◆ **WORK INSTRUCTIONS**
Print each record below character for character.

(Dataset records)
────────────────
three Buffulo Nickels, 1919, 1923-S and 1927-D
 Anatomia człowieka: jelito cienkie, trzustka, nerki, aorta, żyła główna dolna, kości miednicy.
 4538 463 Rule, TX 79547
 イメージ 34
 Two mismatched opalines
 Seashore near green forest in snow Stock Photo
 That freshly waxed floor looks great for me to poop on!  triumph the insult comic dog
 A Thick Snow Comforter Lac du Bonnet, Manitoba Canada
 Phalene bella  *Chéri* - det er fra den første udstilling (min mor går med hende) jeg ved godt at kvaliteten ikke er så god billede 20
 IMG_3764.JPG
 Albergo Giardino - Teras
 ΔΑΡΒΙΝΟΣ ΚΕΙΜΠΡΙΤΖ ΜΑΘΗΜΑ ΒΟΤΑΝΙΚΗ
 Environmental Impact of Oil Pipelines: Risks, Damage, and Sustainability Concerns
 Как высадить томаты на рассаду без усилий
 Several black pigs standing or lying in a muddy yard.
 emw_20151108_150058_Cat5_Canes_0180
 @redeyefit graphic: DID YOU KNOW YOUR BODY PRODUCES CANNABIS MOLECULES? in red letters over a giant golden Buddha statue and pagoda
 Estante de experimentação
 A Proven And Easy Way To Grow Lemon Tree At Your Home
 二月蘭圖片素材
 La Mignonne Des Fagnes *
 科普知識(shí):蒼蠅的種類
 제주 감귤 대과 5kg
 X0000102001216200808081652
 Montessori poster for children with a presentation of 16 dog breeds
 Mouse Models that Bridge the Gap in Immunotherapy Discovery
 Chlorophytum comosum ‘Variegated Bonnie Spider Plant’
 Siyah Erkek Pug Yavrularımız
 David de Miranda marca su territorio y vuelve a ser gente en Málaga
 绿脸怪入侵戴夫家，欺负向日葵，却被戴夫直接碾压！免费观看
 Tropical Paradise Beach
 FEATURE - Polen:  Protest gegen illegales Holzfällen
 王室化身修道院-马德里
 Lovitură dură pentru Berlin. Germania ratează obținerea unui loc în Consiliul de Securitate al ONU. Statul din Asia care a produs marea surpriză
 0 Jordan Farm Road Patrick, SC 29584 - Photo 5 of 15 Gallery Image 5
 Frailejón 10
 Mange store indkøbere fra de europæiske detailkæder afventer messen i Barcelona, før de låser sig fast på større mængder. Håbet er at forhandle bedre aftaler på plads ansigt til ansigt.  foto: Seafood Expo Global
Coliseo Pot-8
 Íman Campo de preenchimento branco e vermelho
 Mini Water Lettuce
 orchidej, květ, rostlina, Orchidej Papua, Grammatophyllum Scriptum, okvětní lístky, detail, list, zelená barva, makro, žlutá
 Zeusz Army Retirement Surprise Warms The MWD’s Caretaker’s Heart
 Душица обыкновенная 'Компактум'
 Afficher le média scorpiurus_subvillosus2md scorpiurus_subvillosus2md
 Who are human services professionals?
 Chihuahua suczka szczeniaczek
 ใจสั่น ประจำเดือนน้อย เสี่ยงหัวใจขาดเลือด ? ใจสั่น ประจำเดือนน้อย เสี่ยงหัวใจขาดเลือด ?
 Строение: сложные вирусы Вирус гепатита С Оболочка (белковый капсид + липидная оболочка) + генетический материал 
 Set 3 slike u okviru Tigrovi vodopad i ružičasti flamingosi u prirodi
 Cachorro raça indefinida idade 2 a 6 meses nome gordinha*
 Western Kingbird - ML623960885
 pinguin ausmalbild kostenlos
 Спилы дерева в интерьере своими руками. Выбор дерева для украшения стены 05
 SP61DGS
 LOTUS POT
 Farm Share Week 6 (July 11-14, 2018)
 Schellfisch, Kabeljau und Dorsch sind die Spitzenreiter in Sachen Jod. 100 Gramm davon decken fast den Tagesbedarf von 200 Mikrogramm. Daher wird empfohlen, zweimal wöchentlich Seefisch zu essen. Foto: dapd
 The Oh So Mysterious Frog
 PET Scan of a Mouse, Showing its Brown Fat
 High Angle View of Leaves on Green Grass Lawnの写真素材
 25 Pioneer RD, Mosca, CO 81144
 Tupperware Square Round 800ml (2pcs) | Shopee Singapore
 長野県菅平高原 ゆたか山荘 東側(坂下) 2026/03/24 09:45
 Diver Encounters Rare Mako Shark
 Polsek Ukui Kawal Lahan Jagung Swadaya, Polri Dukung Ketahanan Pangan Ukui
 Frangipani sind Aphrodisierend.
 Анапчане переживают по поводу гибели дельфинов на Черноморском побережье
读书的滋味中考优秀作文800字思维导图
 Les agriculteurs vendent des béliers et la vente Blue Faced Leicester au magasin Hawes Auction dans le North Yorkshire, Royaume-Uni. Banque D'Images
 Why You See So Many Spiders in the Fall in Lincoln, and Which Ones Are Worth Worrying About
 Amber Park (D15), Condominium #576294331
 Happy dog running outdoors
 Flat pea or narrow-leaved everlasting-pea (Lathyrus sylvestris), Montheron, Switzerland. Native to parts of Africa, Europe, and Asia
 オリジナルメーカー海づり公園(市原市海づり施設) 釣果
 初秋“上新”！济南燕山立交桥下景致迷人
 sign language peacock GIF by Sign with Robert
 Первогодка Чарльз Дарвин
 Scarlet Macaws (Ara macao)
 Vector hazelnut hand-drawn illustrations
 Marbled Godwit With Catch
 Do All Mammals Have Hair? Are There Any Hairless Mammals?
────────────────
◆ **EXERCISE RESPONSE**
three Buffulo Nickels, 1919, 1923-S and 1927-D
 Anatomia człowieka: jelito cienkie, trzustka, nerki, aorta, żyła główna dolna, kości miednicy.
 4538 463 Rule, TX 79547
 イメージ 34
 Two mismatched opalines
 Seashore near green forest in snow Stock Photo
 That freshly waxed floor looks great for me to poop on!  triumph the insult comic dog
 A Thick Snow Comforter Lac du Bonnet, Manitoba Canada
 Phalene bella  *Chéri* - det er fra den første udstilling (min mor går med hende) jeg ved godt at kvaliteten ikke er så god billede 20
 IMG_3764.JPG
 Albergo Giardino - Teras
 ΔΑΡΒΙΝΟΣ ΚΕΙΜΠΡΙΤΖ ΜΑΘΗΜΑ ΒΟΤΑΝΙΚΗ
 Environmental Impact of Oil Pipelines: Risks, Damage, and Sustainability Concerns
 Как высадить томаты на рассаду без усилий
 Several black pigs standing or lying in a muddy yard.
 emw_20151108_150058_Cat5_Canes_0180
 @redeyefit graphic: DID YOU KNOW YOUR BODY PRODUCES CANNABIS MOLECULES? in red letters over a giant golden Buddha statue and pagoda
 Estante de experimentação
 A Proven And Easy Way To Grow Lemon Tree At Your Home
 二月蘭圖片素材
 La Mignonne Des Fagnes *
 科普知識(shí):蒼蠅的種類
 제주 감귤 대과 5kg
 X0000102001216200808081652
 Montessori poster for children with a presentation of 16 dog breeds
 Mouse Models that Bridge the Gap in Immunotherapy Discovery
 Chlorophytum comosum ‘Variegated Bonnie Spider Plant’
 Siyah Erkek Pug Yavrularımız
 David de Miranda marca su territorio y vuelve a ser gente en Málaga
 绿脸怪入侵戴夫家，欺负向日葵，却被戴夫直接碾压！免费观看
 Tropical Paradise Beach
 FEATURE - Polen:  Protest gegen illegales Holzfällen
 王室化身修道院-马德里
 Lovitură dură pentru Berlin. Germania ratează obținerea unui loc în Consiliul de Securitate al ONU. Statul din Asia care a produs marea surpriză
 0 Jordan Farm Road Patrick, SC 29584 - Photo 5 of 15 Gallery Image 5
 Frailejón 10
 Mange store indkøbere fra de europæiske detailkæder afventer messen i Barcelona, før de låser sig fast på større mængder. Håbet er at forhandle bedre aftaler på plads ansigt til ansigt.  foto: Seafood Expo Global
Coliseo Pot-8
 Íman Campo de preenchimento branco e vermelho
 Mini Water Lettuce
 orchidej, květ, rostlina, Orchidej Papua, Grammatophyllum Scriptum, okvětní lístky, detail, list, zelená barva, makro, žlutá
 Zeusz Army Retirement Surprise Warms The MWD’s Caretaker’s Heart
 Душица обыкновенная 'Компактум'
 Afficher le média scorpiurus_subvillosus2md scorpiurus_subvillosus2md
 Who are human services professionals?
 Chihuahua suczka szczeniaczek
 ใจสั่น ประจำเดือนน้อย เสี่ยงหัวใจขาดเลือด ? ใจสั่น ประจำเดือนน้อย เสี่ยงหัวใจขาดเลือด ?
 Строение: сложные вирусы Вирус гепатита С Оболочка (белковый капсид + липидная оболочка) + генетический материал 
 Set 3 slike u okviru Tigrovi vodopad i ružičasti flamingosi u prirodi
 Cachorro raça indefinida idade 2 a 6 meses nome gordinha*
 Western Kingbird - ML623960885
 pinguin ausmalbild kostenlos
 Спилы дерева в интерьере своими руками. Выбор дерева для украшения стены 05
 SP61DGS
 LOTUS POT
 Farm Share Week 6 (July 11-14, 2018)
 Schellfisch, Kabeljau und Dorsch sind die Spitzenreiter in Sachen Jod. 100 Gramm davon decken fast den Tagesbedarf von 200 Mikrogramm. Daher wird empfohlen, zweimal wöchentlich Seefisch zu essen. Foto: dapd
 The Oh So Mysterious Frog
 PET Scan of a Mouse, Showing its Brown Fat
 High Angle View of Leaves on Green Grass Lawnの写真素材
 25 Pioneer RD, Mosca, CO 81144
 Tupperware Square Round 800ml (2pcs) | Shopee Singapore
 長野県菅平高原 ゆたか山荘 東側(坂下) 2026/03/24 09:45
 Diver Encounters Rare Mako Shark
 Polsek Ukui Kawal Lahan Jagung Swadaya, Polri Dukung Ketahanan Pangan Ukui
 Frangipani sind Aphrodisierend.
 Анапчане переживают по поводу гибели дельфинов на Черноморском побережье
读书的滋味中考优秀作文800字思维导图
 Les agriculteurs vendent des béliers et la vente Blue Faced Leicester au magasin Hawes Auction dans le North Yorkshire, Royaume-Uni. Banque D'Images
 Why You See So Many Spiders in the Fall in Lincoln, and Which Ones Are Worth Worrying About
 Amber Park (D15), Condominium #576294331
 Happy dog running outdoors
 Flat pea or narrow-leaved everlasting-pea (Lathyrus sylvestris), Montheron, Switzerland. Native to parts of Africa, Europe, and Asia
 オリジナルメーカー海づり公園(市原市海づり施設) 釣果
 初秋“上新”！济南燕山立交桥下景致迷人
 sign language peacock GIF by Sign with Robert
 Первогодка Чарльз Дарвин
 Scarlet Macaws (Ara macao)
 Vector hazelnut hand-drawn illustrations
 Marbled Godwit With Catch
 Do All Mammals Have Hair? Are There Any Hairless Mammals?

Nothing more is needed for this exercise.